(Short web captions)
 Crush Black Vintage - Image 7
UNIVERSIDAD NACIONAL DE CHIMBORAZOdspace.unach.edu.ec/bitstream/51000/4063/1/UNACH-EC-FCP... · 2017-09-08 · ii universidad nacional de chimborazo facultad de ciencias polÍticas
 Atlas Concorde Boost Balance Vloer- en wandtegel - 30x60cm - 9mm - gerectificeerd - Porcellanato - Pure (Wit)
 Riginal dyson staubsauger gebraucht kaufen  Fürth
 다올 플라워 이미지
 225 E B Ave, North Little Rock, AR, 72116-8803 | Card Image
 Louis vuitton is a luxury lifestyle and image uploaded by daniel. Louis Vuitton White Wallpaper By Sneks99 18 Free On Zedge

WORK ORDER | Repeat every record, keeping each line exactly as it is.

WRITTEN ANSWER |
 Crush Black Vintage - Image 7
UNIVERSIDAD NACIONAL DE CHIMBORAZOdspace.unach.edu.ec/bitstream/51000/4063/1/UNACH-EC-FCP... · 2017-09-08 · ii universidad nacional de chimborazo facultad de ciencias polÍticas
 Atlas Concorde Boost Balance Vloer- en wandtegel - 30x60cm - 9mm - gerectificeerd - Porcellanato - Pure (Wit)
 Riginal dyson staubsauger gebraucht kaufen  Fürth
 다올 플라워 이미지
 225 E B Ave, North Little Rock, AR, 72116-8803 | Card Image
 Louis vuitton is a luxury lifestyle and image uploaded by daniel. Louis Vuitton White Wallpaper By Sneks99 18 Free On Zedge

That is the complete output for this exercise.